Multi-camera infrared thermography for infant respiration monitoring.

作者信息

Lorato Ilde, Stuijk Sander, Meftah Mohammed, Kommers Deedee, Andriessen Peter, van Pul Carola, de Haan Gerard

机构信息

Department of Electrical Engineering, Eindhoven University of Technology, Eindhoven, The Netherlands.
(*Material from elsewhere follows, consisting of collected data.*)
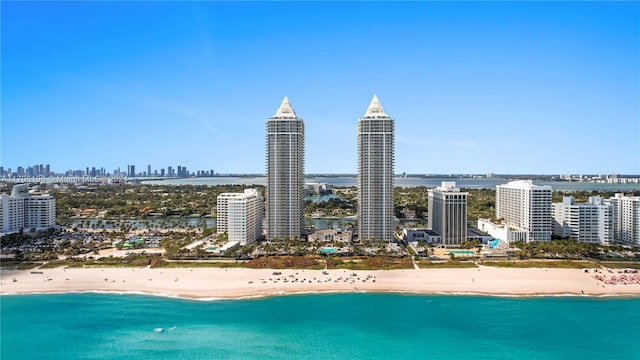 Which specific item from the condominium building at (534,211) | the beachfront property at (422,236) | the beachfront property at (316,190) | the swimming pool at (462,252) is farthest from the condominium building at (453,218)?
the beachfront property at (316,190)

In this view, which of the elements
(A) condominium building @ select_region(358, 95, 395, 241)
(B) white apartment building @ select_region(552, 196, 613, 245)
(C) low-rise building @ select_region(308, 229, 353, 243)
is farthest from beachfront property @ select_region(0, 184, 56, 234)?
(B) white apartment building @ select_region(552, 196, 613, 245)

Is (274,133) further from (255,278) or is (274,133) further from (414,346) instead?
(414,346)

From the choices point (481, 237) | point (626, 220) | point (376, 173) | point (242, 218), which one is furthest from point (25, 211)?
point (626, 220)

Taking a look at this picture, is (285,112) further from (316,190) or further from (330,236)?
(316,190)

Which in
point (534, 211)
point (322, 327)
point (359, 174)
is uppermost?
point (359, 174)

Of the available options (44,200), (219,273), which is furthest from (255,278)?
(44,200)

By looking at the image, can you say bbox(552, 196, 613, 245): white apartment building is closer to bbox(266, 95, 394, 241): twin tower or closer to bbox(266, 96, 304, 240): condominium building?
Answer: bbox(266, 95, 394, 241): twin tower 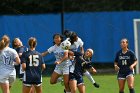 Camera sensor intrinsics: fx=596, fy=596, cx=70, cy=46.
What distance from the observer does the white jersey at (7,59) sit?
15.1 metres

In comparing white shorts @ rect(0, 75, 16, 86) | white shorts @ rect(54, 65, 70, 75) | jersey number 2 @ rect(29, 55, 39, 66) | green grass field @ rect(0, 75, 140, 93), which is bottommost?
green grass field @ rect(0, 75, 140, 93)

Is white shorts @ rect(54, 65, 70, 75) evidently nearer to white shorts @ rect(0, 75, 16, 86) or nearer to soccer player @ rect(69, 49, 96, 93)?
soccer player @ rect(69, 49, 96, 93)

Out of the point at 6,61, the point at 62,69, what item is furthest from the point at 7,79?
the point at 62,69

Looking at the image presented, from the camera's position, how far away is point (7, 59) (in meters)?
15.2

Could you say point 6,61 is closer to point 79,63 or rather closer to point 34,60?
point 34,60

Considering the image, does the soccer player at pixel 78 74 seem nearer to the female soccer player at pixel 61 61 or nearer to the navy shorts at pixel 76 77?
the navy shorts at pixel 76 77

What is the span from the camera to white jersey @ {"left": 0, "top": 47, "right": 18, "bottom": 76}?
49.6 ft

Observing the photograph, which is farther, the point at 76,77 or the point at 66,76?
the point at 66,76

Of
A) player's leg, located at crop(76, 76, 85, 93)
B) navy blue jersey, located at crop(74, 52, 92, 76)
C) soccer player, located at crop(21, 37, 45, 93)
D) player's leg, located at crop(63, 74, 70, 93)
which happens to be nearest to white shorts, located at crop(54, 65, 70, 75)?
player's leg, located at crop(63, 74, 70, 93)

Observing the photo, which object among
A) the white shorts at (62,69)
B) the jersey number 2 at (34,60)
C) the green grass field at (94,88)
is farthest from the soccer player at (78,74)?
the green grass field at (94,88)

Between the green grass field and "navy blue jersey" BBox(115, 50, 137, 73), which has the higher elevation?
"navy blue jersey" BBox(115, 50, 137, 73)

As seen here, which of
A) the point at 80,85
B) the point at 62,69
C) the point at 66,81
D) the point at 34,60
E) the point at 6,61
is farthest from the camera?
the point at 62,69

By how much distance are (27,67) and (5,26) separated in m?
12.6

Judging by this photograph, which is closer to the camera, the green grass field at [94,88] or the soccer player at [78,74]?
the soccer player at [78,74] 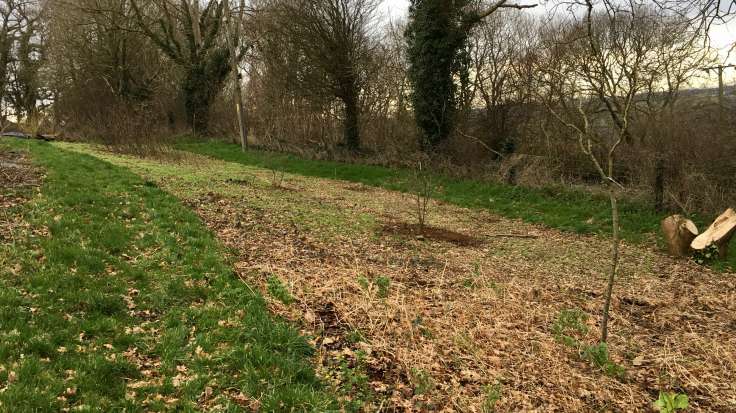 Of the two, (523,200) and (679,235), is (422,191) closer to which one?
(523,200)

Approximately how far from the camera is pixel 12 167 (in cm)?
1079

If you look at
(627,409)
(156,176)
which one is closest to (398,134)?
(156,176)

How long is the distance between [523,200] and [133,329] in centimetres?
1110

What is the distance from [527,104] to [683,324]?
12.8 meters

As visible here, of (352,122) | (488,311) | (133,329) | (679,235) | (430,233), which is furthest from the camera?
(352,122)

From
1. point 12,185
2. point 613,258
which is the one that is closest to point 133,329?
point 613,258

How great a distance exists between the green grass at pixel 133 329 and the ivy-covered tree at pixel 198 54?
70.5ft

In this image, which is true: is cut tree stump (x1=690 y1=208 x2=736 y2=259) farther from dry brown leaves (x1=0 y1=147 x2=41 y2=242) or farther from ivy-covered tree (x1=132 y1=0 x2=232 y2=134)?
ivy-covered tree (x1=132 y1=0 x2=232 y2=134)

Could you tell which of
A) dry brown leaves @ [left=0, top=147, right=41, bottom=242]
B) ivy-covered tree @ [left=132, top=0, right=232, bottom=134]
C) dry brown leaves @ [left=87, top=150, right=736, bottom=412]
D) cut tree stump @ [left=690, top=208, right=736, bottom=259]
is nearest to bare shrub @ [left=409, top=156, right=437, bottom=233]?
dry brown leaves @ [left=87, top=150, right=736, bottom=412]

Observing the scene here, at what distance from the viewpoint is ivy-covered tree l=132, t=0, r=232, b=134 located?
2695 centimetres

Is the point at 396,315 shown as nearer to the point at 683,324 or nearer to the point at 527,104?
the point at 683,324

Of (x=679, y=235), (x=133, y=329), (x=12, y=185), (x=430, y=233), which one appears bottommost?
(x=133, y=329)

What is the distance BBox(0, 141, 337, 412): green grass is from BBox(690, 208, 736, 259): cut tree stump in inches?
307

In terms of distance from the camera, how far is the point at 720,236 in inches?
332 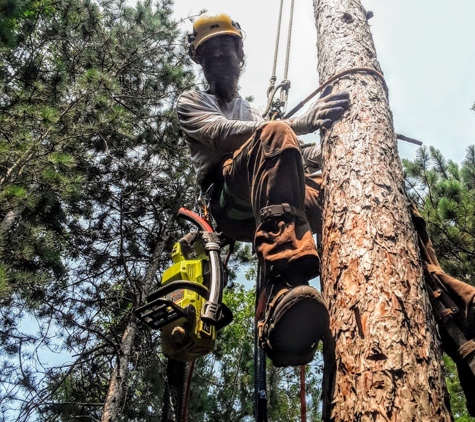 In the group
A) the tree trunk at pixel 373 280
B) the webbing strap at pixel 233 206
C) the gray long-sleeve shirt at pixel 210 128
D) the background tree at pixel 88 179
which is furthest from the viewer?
the background tree at pixel 88 179

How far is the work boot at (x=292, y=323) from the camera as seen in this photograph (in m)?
1.54

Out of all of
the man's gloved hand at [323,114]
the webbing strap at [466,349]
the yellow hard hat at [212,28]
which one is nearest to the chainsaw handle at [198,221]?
the man's gloved hand at [323,114]

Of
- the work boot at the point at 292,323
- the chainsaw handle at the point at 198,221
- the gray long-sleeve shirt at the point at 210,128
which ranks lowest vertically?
the work boot at the point at 292,323

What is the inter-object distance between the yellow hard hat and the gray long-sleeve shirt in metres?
0.37

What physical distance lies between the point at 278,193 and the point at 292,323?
0.54 m

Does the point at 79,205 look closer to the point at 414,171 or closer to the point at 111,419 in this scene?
the point at 111,419

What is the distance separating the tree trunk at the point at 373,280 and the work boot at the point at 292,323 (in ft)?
0.24

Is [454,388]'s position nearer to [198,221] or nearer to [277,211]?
[198,221]

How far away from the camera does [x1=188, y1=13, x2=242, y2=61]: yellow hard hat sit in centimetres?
297

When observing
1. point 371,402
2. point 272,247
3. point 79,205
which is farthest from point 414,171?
point 371,402

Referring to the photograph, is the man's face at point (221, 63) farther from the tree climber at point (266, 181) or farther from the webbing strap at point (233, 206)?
the webbing strap at point (233, 206)

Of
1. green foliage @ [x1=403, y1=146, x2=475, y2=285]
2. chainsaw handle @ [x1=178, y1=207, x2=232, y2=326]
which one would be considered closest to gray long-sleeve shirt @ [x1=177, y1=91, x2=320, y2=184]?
chainsaw handle @ [x1=178, y1=207, x2=232, y2=326]

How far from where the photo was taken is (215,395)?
9.04m

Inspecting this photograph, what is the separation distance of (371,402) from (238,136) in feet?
4.80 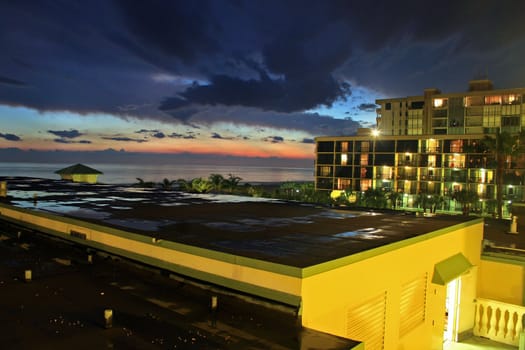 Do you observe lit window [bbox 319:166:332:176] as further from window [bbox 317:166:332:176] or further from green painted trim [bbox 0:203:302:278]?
green painted trim [bbox 0:203:302:278]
Department of Family Care Solutions, Philips Research, Eindhoven, The Netherlands.

出版信息

Biomed Opt Express. 2020 Aug 3;11(9):4848-4861. doi: 10.1364/BOE.397188. eCollection 2020 Sep 1.

DOI:10.1364/BOE.397188
PMID:33014585
原文链接:https://pmc.ncbi.nlm.nih.gov/articles/PMC7510882/
Abstract

Respiration is monitored in neonatal wards using chest impedance (CI), which is obtrusive and can cause skin damage to the infants. Therefore, unobtrusive solutions based on infrared thermography are being investigated. This work proposes an algorithm to merge multiple thermal camera views and automatically detect the pixels containing respiration motion or flow using three features. The method was tested on 152 minutes of recordings acquired on seven infants. We performed a comparison with the CI respiration rate yielding a mean absolute error equal to 2.07 breaths/min. Merging the three features resulted in reducing the dependency on the window size typical of spectrum-based features.

摘要

在新生儿病房中,使用胸部阻抗(CI)来监测呼吸,这种方法具有侵入性,可能会对婴儿皮肤造成损伤。因此,基于红外热成像的非侵入性解决方案正在被研究。这项工作提出了一种算法,用于合并多个热成像相机视图,并使用三个特征自动检测包含呼吸运动或气流的像素。该方法在7名婴儿的152分钟记录上进行了测试。我们与CI呼吸率进行了比较,平均绝对误差为2.07次/分钟。合并这三个特征减少了对基于频谱特征典型窗口大小的依赖。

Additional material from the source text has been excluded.